Magnetotransport behavior in (LaNiO$_3$)$_n$/(LaMnO$_3$)$_2$ superlattices

Recent advances in the deposition of epitaxial complex oxides have enabled the fabrication of a wide range of materials structures with atomically abrupt interfaces, that are characterized by novel electronic and magnetic ground states. In particular, superlattices that combine the paramagnetic metal, LaNiO$_3$, with various band insulators, such as SrTiO$_3$ and LaAlO$_3$, have attracted considerable theoretical and experimental interest.
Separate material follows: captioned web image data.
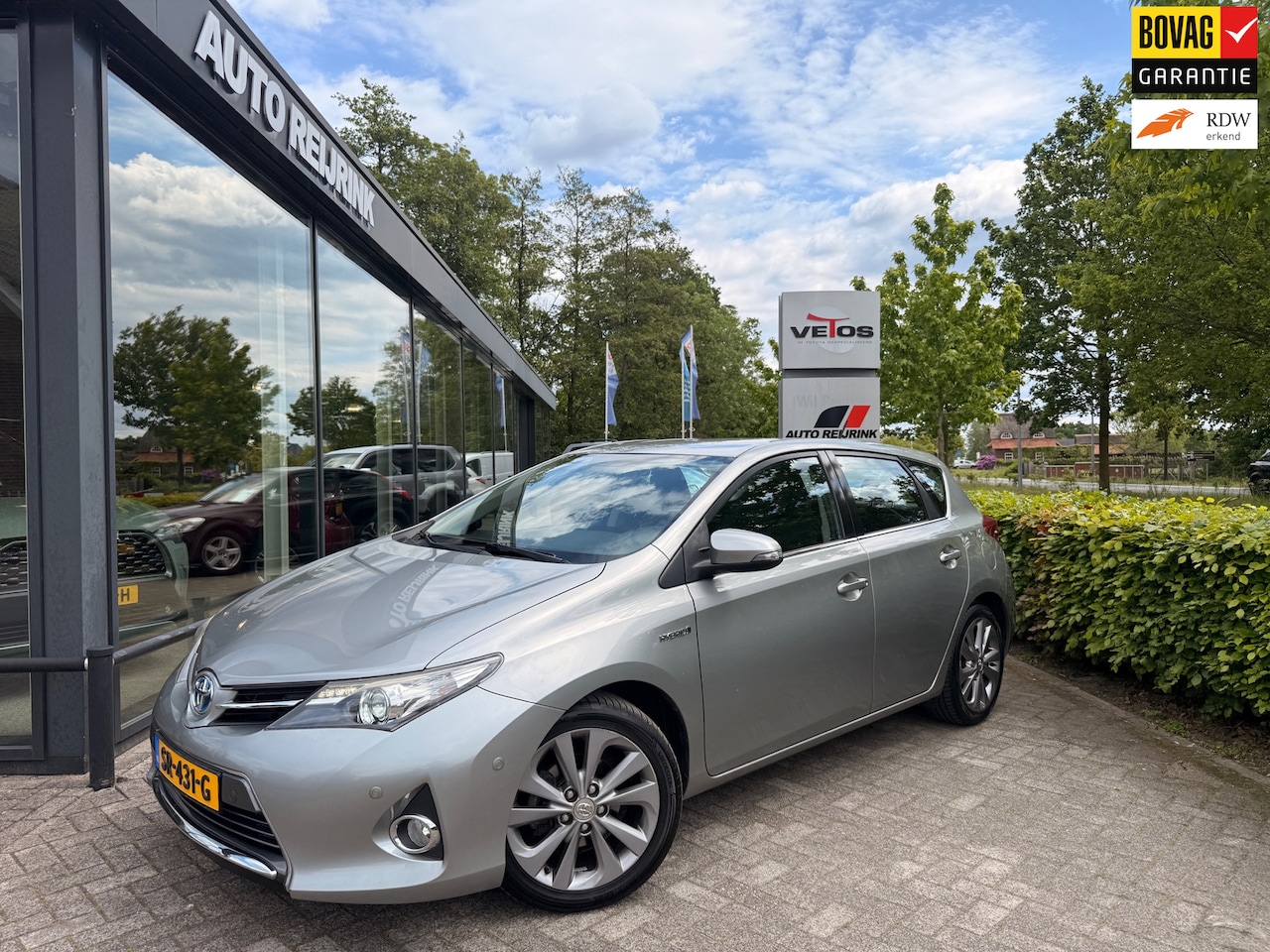 Toyota Auris - 1.8 Hybrid Lease 1.8 Hybrid Lease, trekhaak, stoel verwarming, parkeer sens, Automatisch inparkeren - AutoWereld.nl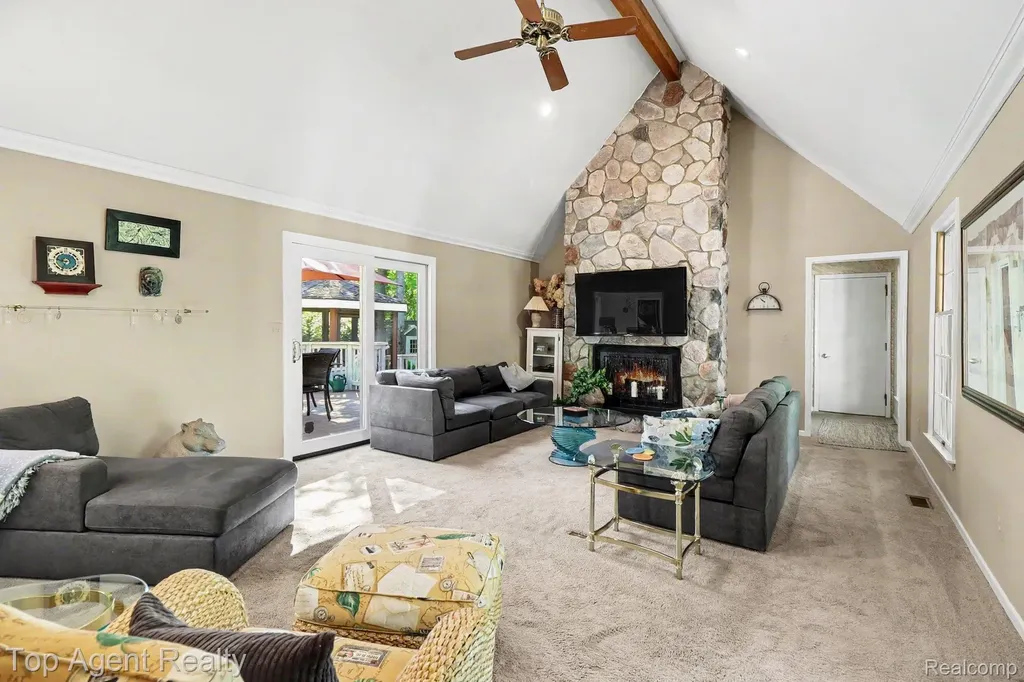 2411 Farmbrook Trail Addison Township MI 48370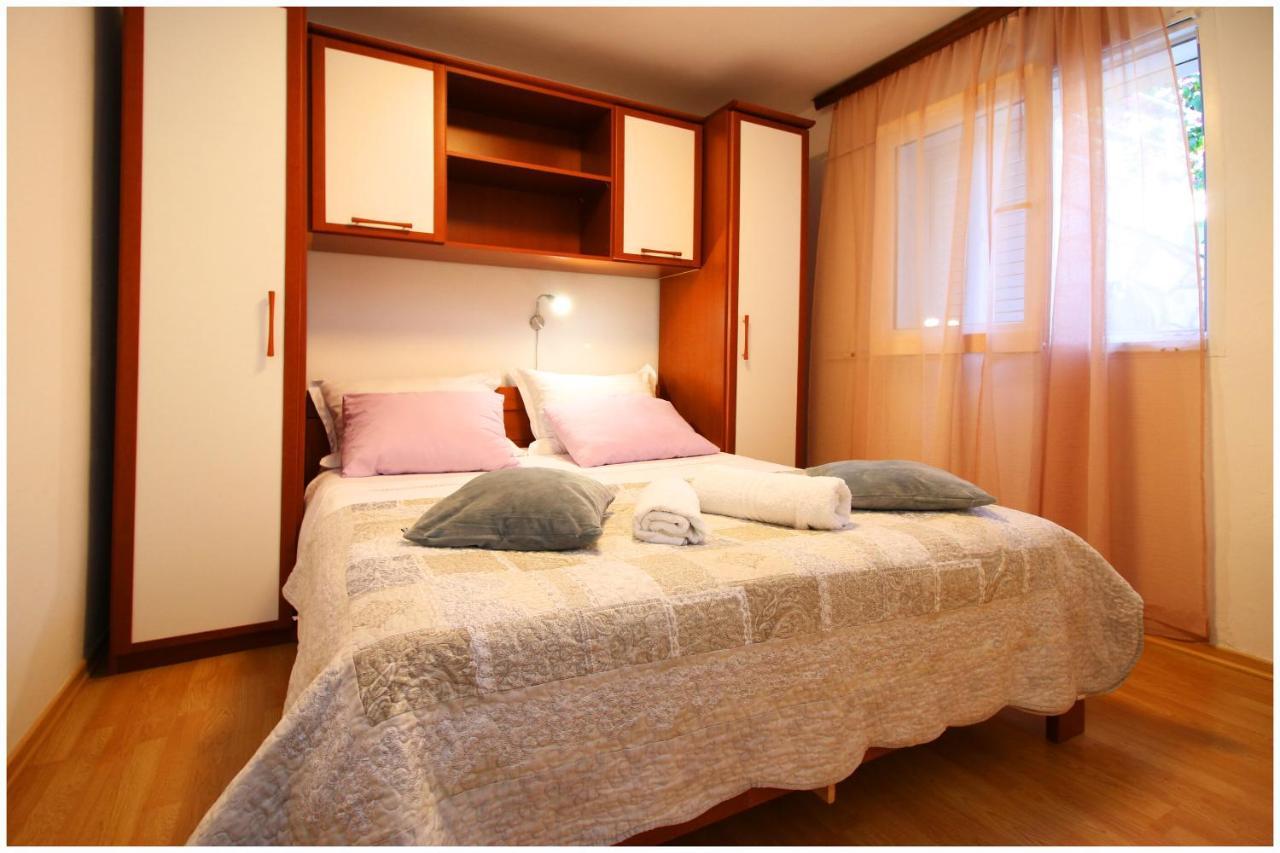 Apartments Elvis Primošten Εξωτερικό φωτογραφία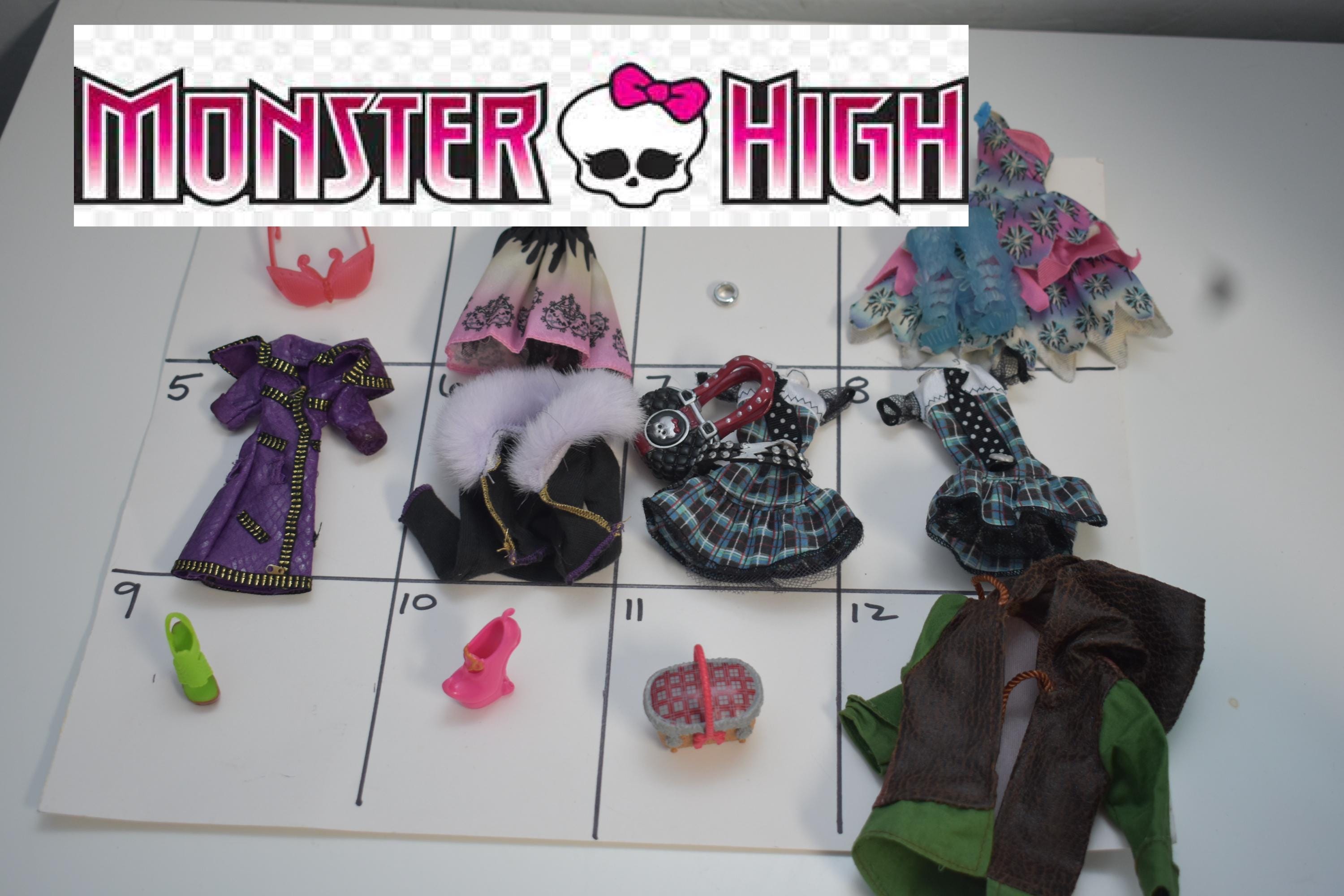 Prices vary- PICK ONE ITEM! Monster High G1 clothes / accessories / jewelry Abbey, Frankie, Cupid, Clawdeen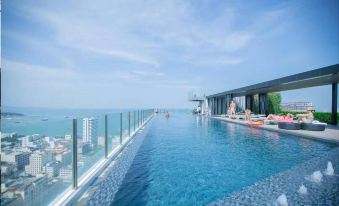 The BASE Central Pattaya by Tai Youzai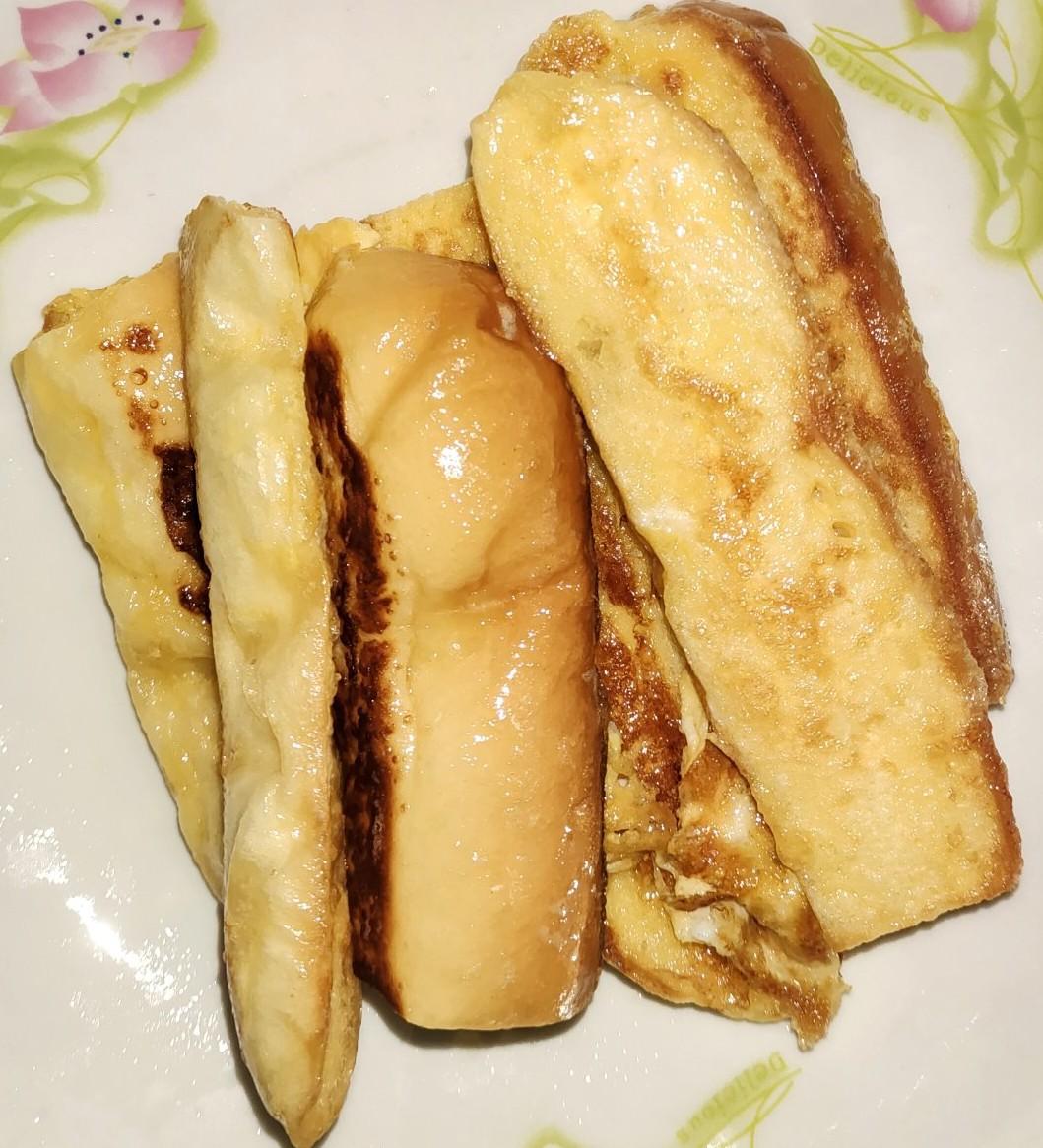 面包的神仙吃法，真的很香，是我的最爱！方法如下∶面包片裹上蛋液放刷油的平底锅里，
In this work, (LaNiO$_3$)$_n$/(LaMnO$_3$)$_2$ ($2 \leq n \leq 5$) superlattices that combine LaNiO$_3$ with an antiferromagnetic insulator are prepared on (001) SrTiO$_3$ substrates using ozone-assisted oxide molecular beam epitaxy. The total superlattice thickness is fixed at $\sim$30 nm. X-ray reflectivity and x-ray diffraction reveal single-crystalline growth with interfacial and surface roughnesses of $\sim$0.2 nm and $\sim$0.5 nm, respectively. Electrical transport measurements carried out on superlattices with $n \leq 3$ show insulating behavior between 5 K and 300 K, while samples with $n$ = 4,5 are metallic with resistivity minima at 90 K and 30 K, respectively, below which we observe negative magnetoresistance. We discuss the role of charge transfer between LaNiO$_3$ and LaMnO$_3$ in understanding these results.